The Non-Fiction Future Additions to How To Be A Savage


Recently, I did a couple of things. I asked Twitter if anyone would be interested in reading an inspired-by-real-life-but-definitely-not-autobiographical account on autism in blogging format or something. And then I asked whether it should be fiction or non-fiction. Like, facts about ASD and various treatments and such.

The polls indicated people would be extremely into reading a combination of both.

And I thought, “Oh, okay. That’s…err… Why did I set myself up for this??”

Then today, I stumbled on an autism blog share, and as I was reading some of these posts, I realized: There isn’t just a public interest in us sharing our life stories. There’s a need. 

It’s only been about 50 years since most children with low-functioning autism were officially diagnosed as minorly psychopathic, and generally locked up in institutions.

It’s only been 10 years since diseases like measles and rubella that were nearly eradicated have made a solid re-entry into the Western world, thanks to an epidemic of people not vaccinating their kids, based on one, non-scientific study claiming that the MMR vaccination causes autism.

It’s only been a few months since I saw a book in which the mother of an autistic teenager supported forced sterilization of her son has a 4-star rating on Amazon and Goodreads.


And it was only today that I read an article from the New York Times reminding all of us — or informing us for the first time — that Dr. Asperger was in fact a Nazi who sanctioned the deaths in concentration camps of the very children he diagnosed. And we still put his name on the part of the spectrum he supposedly discovered.

Dear God in Heaven.

Adopting a cavalier attitude towards my privacy, I have henceforth decided thusly: When I come to compose my various Wattpad-age entries of How To Be A Savage into book format, I SHALL include factual stuff about diagnosis, treatment, the NTs-who-hate-us experiences, the dark side of our condition, all of it.

This feels daring. It feels scary. It feels like the right thing to do.


For the longest time, we have been led to believe that anything outside of the norm is dangerous. Even when it isn’t. Even when it’s simply different.

We don’t need to be encouraged to fit into the world. The world’s pretty messed up, in case no one’s noticed. I’d so much rather stand out — and hopefully makes this crazy planet a better place.

I am so tired of being told we need to “overcome” our autism. Of hearing that we have a “disability.” Of being looked down on.

Who’s with me?




Autism, family, flash fiction

How To Be A Savage: Part 1


Hello, everyone! Welcome to the start of an experiment. For the next several weeks, I’ll be posting pieces of flash fiction that will begin to come together in a Wattpad series in the near future. It’s called “How To Be A Savage,” and focuses on the fictional narrator Ellie and her family. Ellie is an autistic adult with a son on the spectrum. There’s a lot more I could say, but I’ll let Ellie take it away…

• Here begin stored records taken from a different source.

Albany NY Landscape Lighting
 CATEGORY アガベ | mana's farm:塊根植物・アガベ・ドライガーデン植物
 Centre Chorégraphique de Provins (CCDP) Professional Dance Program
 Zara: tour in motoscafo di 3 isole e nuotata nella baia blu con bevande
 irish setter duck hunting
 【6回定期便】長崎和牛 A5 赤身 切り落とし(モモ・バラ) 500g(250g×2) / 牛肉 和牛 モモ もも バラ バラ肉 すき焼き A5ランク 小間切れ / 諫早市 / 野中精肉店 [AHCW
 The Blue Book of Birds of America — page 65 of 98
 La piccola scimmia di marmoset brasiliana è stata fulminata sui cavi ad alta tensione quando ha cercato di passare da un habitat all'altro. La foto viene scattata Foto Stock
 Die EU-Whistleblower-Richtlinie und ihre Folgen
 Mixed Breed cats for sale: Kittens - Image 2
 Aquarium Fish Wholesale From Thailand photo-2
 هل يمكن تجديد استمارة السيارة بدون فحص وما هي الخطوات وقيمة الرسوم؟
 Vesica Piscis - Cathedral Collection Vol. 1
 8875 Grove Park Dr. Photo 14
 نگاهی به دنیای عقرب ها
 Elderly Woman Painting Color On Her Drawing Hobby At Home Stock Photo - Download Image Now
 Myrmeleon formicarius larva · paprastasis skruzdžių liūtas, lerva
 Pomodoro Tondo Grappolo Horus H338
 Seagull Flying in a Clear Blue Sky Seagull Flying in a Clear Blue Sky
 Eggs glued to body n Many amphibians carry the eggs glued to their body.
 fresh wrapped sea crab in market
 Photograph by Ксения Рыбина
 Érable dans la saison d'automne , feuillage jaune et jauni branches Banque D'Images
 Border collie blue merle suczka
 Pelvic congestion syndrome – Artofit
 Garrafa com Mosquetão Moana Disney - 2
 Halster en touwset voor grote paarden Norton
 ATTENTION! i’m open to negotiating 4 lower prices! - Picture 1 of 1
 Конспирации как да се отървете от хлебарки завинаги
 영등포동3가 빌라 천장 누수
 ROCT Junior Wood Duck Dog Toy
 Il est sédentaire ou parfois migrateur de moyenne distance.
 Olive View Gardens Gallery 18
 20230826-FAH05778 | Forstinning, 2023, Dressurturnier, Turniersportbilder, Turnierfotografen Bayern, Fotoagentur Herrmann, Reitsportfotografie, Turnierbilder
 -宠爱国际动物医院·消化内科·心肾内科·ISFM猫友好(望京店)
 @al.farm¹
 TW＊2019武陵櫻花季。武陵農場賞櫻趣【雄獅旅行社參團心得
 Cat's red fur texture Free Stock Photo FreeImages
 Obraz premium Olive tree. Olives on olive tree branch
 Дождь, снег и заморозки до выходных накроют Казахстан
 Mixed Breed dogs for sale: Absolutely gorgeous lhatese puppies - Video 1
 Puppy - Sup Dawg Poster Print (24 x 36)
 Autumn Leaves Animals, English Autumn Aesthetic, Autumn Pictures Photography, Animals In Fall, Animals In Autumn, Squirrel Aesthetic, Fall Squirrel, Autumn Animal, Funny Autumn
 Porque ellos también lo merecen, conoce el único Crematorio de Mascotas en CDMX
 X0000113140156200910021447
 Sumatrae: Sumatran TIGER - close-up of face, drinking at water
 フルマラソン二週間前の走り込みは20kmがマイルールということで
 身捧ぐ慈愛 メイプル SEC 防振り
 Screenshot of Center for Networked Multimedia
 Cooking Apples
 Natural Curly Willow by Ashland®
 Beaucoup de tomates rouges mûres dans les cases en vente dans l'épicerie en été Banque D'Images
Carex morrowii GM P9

“Today I want to be a superhero to housewives everywhere!” I loudly declare, directing the wand of the vacuum cleaner as far under the bed as it will go.

Probably most of the dust bunnies by the furthest bedpost are laughing at me. I only reach 5’2″ in heels, and because of where the queen-sized bed sits in the room, the angles from which I can reach the darkest corners underneath it are limited. We live in an old house, with slightly odd measurements, and tight corners, and… Anyway, it creates complications with stuff like where dust can collect.

And today has not been a good day for Executive Function, so I might not be able to determine when I’m at the wrong angle for achieving maximum reach.

Hey, most housewives will consider me a superhero just for trying. I know that. I can live with it.

But I’d much rather live with the excitement on my husband’s face when I tell him how hard I tried to eliminate every speck of dust from our bedroom.

“And so she brandished her wand and directed its fearsome Sucking Spiral at the horrific gray monsters, rearing on their powerful hind legs…”

Okay, yes, sometimes I develop a fantasy narrative to my life in my head while I’m going about mundane tasks. If it helps me get through the day…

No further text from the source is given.